D’abord seule, elle danse « Sur la place » dans un rond de lumière, puis de très haut, très loin, arrivent en écho les paroles de « Quand on n’a que l’amour » criées par une ombre furtive qui surgit plus tard au fond du plateau, et la rejoint à la fin d’« Une valse à mille temps ». Partenaire discret, se réglant sur les pas de la danseuse, il se déchaîne dans un numéro éblouissant de breakdance, tordu et convulsé par les émotions que lui inspire « Mathilde ». Leurs ombres se profilent sur les parois majestueuses de la carrière de Boulbon, croisent des photos de Jacques Brel, des paysages ruraux, un troupeau de vaches quand sonnent les clochers du « Plat pays », un cercueil porté par des paysans.
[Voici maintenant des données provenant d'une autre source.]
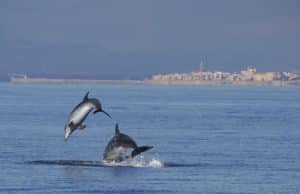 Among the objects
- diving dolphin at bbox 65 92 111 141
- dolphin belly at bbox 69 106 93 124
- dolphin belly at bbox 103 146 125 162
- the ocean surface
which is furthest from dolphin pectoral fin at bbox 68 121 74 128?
dolphin belly at bbox 103 146 125 162

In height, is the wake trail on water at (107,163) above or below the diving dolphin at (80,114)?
below

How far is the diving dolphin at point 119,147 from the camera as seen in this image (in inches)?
2149

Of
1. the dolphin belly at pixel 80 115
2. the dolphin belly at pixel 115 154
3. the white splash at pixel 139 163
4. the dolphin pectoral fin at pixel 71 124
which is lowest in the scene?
the white splash at pixel 139 163

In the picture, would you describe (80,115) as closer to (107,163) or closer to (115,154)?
(115,154)

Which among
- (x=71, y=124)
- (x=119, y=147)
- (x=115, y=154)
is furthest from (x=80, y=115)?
(x=115, y=154)

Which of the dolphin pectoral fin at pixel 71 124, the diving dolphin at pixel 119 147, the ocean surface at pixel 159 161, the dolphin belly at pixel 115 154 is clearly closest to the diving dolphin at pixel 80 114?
the dolphin pectoral fin at pixel 71 124

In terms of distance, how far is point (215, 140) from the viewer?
278 ft

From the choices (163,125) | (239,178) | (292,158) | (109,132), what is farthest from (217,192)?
(163,125)

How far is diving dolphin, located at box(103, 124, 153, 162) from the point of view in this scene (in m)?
54.6

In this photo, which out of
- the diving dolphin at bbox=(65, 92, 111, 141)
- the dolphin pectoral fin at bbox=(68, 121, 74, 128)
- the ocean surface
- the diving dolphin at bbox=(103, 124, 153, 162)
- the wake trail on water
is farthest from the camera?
the wake trail on water

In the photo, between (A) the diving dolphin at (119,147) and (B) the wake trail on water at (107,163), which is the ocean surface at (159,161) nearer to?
(B) the wake trail on water at (107,163)

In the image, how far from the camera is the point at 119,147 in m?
56.8

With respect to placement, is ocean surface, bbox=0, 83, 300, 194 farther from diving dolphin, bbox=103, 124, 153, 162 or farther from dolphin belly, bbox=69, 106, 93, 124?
dolphin belly, bbox=69, 106, 93, 124

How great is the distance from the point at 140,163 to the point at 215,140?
23.8 m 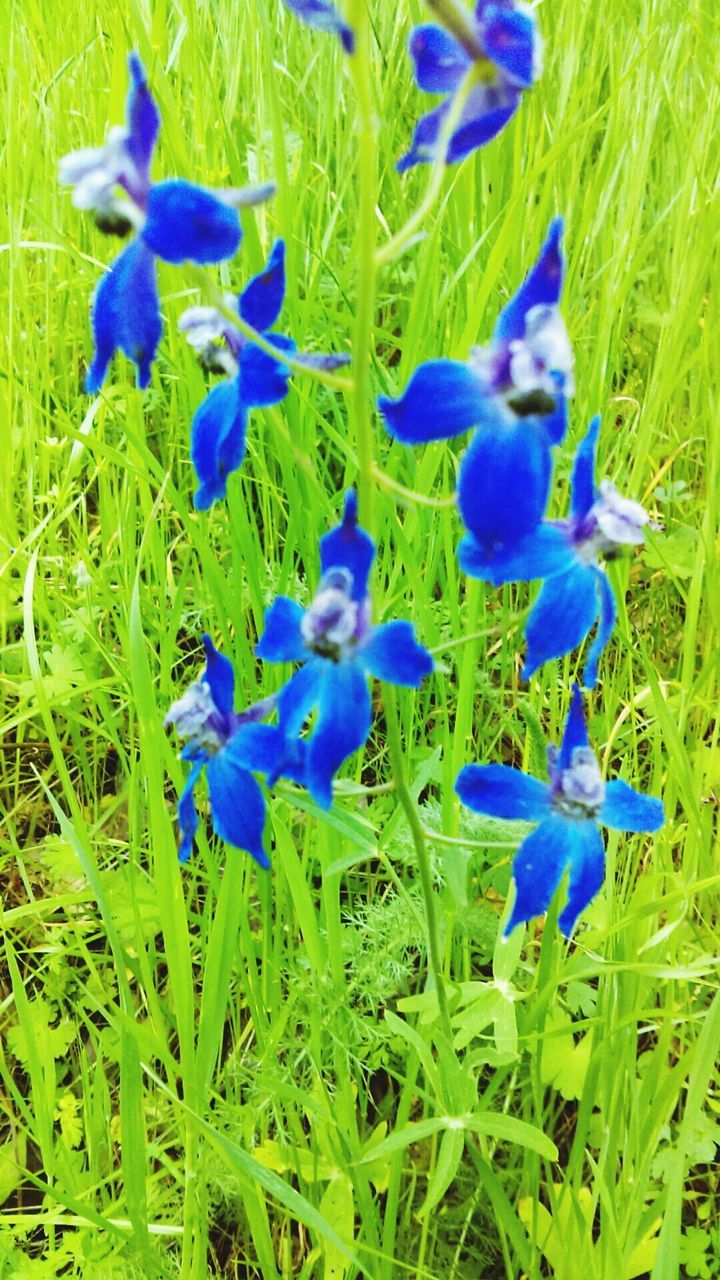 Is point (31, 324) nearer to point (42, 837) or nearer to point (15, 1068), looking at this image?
point (42, 837)

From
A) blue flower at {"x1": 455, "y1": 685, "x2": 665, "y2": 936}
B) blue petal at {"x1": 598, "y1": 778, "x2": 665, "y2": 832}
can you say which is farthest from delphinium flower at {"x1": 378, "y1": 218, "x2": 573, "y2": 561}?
blue petal at {"x1": 598, "y1": 778, "x2": 665, "y2": 832}

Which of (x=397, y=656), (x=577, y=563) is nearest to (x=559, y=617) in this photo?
(x=577, y=563)

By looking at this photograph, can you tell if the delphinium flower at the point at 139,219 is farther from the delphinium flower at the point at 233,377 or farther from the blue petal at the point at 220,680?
the blue petal at the point at 220,680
Les chansons défilent, amères ou tendres, tristes, sardoniques, soutenues par l’humour et le style d’Anne Teresa De Keersmaeker, certaines cocasses où les prouesses physiques de Solal Mariotte font merveille. Quelques-unes des plus célèbres, « Ne me quitte pas », « Amsterdam », « Les vieux amants », « Vesoul », d’autres moins connues comme l’ode funèbre à « Jojo », son ami Georges Pasquier. La chorégraphe voulait à travers ses chansons interroger le présent [1]. Le discours satisfait du Diable à son retour de la Terre, « Ça va », qui ouvre le spectacle, date de 1953 mais semble écrit aujourd’hui :
Rien ne se vend mais tout s’achète
L’honneur et même la sainteté
Ça va
Les États se muent en cachette
En anonymes sociétés
Ça va
Les grands s’arrachent les dollars
Venus du pays des enfants
L’Europe répète l’Avare
Dans un décor de mil neuf cent.
Ça fait des morts d’inanition
Et l’inanition des nations.
Concluons ce volet par un tour au Off, Les 3S. Résumer Hugo en une heure, c’était une gageure. Pierre Jouvencel s’en tire honorablement, croisant discours politiques et poèmes. Dans deux spectacles jumeaux, Victor Hugo, un géant dans un siècle et Humanistes, il donne voix aux orateurs, de Mirabeau à Badinter, qui ont fait franchir des étapes décisives à la réflexion et à la conscience collectives en défendant de nobles causes, pour la tolérance religieuse, les droits des femmes, la laïcité, l’éducation, contre le paupérisme, l’esclavage, la peine de mort. Ubi sunt les Jaurès, les Mendès France ?
[1] Anne Teresa De Keersmaeker, Quand elle danse. Entretiens avec Laure Adler, Seuil, 2025.